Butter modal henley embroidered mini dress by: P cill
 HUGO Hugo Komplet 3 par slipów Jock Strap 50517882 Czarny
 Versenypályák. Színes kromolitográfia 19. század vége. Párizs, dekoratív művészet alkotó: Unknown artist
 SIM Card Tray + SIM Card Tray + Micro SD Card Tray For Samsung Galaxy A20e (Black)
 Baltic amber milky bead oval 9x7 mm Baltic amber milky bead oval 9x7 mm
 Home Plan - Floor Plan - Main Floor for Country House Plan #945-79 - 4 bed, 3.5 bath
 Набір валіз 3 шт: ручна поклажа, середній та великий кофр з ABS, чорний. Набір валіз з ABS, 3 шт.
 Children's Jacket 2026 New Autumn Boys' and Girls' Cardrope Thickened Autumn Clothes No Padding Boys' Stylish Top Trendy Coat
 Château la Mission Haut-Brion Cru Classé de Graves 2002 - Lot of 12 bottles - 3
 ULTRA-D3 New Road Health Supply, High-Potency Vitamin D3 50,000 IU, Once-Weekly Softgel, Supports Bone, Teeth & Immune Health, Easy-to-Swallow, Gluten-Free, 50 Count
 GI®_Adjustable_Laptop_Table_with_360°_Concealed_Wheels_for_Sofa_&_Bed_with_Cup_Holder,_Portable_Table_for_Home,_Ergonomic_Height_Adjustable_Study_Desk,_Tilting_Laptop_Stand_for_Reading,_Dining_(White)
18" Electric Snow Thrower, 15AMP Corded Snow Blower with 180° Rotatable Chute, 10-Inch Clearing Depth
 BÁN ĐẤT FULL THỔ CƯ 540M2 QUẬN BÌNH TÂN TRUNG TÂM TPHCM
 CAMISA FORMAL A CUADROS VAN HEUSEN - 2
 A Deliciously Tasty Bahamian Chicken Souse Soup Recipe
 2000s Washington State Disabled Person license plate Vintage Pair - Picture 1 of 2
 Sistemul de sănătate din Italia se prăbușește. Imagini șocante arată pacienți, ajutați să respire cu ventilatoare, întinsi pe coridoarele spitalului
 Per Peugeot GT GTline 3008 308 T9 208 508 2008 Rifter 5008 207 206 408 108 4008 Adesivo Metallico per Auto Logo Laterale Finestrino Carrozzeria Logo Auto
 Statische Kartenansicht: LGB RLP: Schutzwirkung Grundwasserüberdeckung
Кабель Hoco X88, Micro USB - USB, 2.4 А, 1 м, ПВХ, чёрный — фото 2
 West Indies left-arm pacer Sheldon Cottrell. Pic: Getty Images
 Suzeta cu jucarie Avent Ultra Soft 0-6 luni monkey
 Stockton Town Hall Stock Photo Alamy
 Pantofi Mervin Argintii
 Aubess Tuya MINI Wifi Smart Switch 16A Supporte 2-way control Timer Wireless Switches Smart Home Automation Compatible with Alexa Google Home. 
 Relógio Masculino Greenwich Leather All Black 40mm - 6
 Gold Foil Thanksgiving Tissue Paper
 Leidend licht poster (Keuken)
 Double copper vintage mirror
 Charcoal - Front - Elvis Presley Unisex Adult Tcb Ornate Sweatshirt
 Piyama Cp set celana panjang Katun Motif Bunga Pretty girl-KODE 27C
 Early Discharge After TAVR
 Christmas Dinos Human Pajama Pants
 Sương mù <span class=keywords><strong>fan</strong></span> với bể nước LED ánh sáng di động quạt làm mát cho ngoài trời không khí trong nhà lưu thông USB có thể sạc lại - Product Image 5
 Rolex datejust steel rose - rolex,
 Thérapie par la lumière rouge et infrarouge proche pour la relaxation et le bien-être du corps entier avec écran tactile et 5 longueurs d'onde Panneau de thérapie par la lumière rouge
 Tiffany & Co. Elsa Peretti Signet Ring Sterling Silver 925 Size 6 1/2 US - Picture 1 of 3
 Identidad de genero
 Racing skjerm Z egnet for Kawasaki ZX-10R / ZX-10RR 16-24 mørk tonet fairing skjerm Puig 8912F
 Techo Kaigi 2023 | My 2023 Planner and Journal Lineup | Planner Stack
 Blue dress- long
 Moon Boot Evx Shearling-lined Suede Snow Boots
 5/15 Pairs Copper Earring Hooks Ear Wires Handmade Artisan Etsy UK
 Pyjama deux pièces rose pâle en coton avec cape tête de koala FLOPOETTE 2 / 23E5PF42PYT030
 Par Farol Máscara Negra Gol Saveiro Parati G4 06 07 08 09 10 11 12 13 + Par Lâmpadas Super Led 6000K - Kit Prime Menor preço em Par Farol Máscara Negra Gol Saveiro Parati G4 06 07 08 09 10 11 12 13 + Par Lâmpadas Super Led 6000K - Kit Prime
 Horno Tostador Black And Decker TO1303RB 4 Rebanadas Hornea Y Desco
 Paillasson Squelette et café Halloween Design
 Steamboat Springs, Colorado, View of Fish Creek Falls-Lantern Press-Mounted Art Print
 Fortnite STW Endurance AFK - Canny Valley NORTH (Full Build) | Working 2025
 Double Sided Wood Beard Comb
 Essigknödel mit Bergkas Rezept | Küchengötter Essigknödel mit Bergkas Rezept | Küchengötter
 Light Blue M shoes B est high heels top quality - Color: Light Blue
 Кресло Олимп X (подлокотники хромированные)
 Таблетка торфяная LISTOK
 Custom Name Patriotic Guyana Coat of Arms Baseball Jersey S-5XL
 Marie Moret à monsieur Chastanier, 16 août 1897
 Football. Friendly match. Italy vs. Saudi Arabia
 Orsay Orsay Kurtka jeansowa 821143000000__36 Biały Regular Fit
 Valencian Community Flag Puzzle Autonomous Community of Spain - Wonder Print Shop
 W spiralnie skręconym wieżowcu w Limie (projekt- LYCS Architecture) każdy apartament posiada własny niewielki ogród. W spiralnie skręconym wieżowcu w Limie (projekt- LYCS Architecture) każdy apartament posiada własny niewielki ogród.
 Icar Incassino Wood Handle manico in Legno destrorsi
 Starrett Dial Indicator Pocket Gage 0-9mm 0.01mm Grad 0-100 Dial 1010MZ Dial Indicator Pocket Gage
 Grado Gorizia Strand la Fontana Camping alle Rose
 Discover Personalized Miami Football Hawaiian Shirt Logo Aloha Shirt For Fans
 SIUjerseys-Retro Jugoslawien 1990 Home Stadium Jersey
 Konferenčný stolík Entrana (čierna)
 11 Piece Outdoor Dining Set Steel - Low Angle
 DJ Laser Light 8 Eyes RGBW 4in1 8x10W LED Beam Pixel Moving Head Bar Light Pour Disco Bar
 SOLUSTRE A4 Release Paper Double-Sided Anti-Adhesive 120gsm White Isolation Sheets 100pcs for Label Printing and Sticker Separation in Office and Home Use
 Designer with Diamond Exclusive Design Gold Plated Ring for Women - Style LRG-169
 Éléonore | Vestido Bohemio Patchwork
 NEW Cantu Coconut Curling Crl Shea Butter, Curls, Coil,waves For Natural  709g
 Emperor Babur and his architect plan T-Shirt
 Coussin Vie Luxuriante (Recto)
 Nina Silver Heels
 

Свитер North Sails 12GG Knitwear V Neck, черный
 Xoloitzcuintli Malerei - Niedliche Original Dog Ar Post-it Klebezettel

* How to complete this task *
Go to the line in the material above that contains "Blue dress- long" and copy exactly from there through the line that contains "Paillasson Squelette et", stopping after it.

* Expected answer *
 Blue dress- long
 Moon Boot Evx Shearling-lined Suede Snow Boots
 5/15 Pairs Copper Earring Hooks Ear Wires Handmade Artisan Etsy UK
 Pyjama deux pièces rose pâle en coton avec cape tête de koala FLOPOETTE 2 / 23E5PF42PYT030
 Par Farol Máscara Negra Gol Saveiro Parati G4 06 07 08 09 10 11 12 13 + Par Lâmpadas Super Led 6000K - Kit Prime Menor preço em Par Farol Máscara Negra Gol Saveiro Parati G4 06 07 08 09 10 11 12 13 + Par Lâmpadas Super Led 6000K - Kit Prime
 Horno Tostador Black And Decker TO1303RB 4 Rebanadas Hornea Y Desco
 Paillasson Squelette et café Halloween Design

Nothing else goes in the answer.